Martin freezes. "I would have been able to tell," Jim explains, "from the marks on your left thumb, that you are a pilot."

"A…pilot," Martin repeats, "oh."

Jim smiles and rejoins his pasta with marinara sauce, the latter of which is most likely, to Martin's great chagrin, the exact color of his own face. "But," continues Martin in hushed tones, "you are…you know."

Jim raises an eyebrow as thin as his smile, and Martin nods. "And we don't all have identical…"

"God, no."

Martin feels like he's exhaling more air than a hairdryer. "Right. I don't feel much like dessert, do you?"

"Sometimes, but usually when I'm sick."

"What?"

"You asked if I felt like dessert. Avoiding the question of whether or not food is sentient, the only time I truly feel like a dessert is when I'm ill. You know, that oozy pudding feeling? Or perhaps a stuffed pastry, but gone wrong?"

Martin laughs. "Maybe coffee?"

"Oh, I never feel like coffee," Jim confides, "but I do frequently feel like drinking it."

Martin nods and raises his hand to flag down the waiter, but Jim catches his wrist.

Quick reflexes, Martin notes.

"I especially feel like drinking it back at mine," says Jim, fixing him in place with a look so sharp it might have been a glare if it weren't for the undercurrent of something else Martin thinks he can identify.

"I've actually got to be getting back soon," says Martin, and it's not quite an instinct, but he knows he really, really should.

Jim's running his finger up Martin's wrist, and Martin's not sure why, but he thinks of fire ants. When they leave the restaurant—Angelo's, Martin notes—he finds he can't remember either of them having paid.

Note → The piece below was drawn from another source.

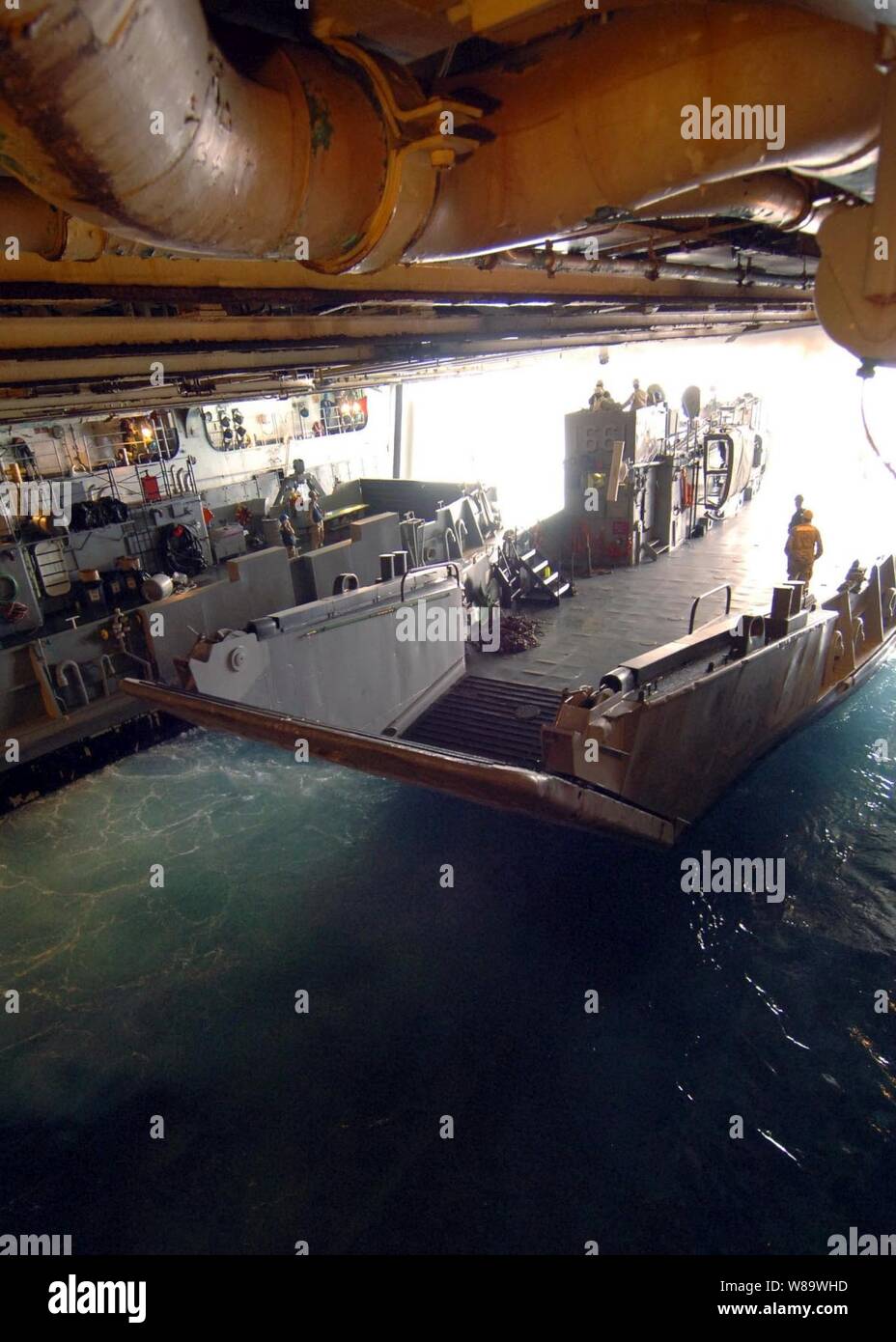 Landing Craft Utility 1661 startet vom Amphibisches Schiff USS Nassau (LHA 4) während der Ausbildung, die als ein Besuch, Board, Suche, und Beschlagnahme Betrieb als Teil der Übung Phoenix Express 2008 zu simulieren, während im Mittelmeer am 15. April 2008. Stockfoto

Across town and upstairs, Martin's head hits the back of the door and he's breathing Jim and it's barely enough and also far, far too much. He grabs at delicate, small fingers only to have them slip away and pin his own wrists to his sides. The shorter man is biting at his neck; his collarbone, sucking on his lower lip, and Martin fights back and thinks of black and blue and the heat spiraling down into his groin. He manages to break Jim's hold and reverses their positions, slamming Jim into the door, a satisfying crack and Jim growls and Martin closes his eyes and whispers, "bedroom."

Jim breaks from the door, pulling Martin by the wrist and his shoulder almost slips out of its socket and then they're on the bed and Martin wonders if this is what all those shy exchanges really meant, fingers tracing the outline of bone and a bite for every blush and it's strange, but he's not blushing now.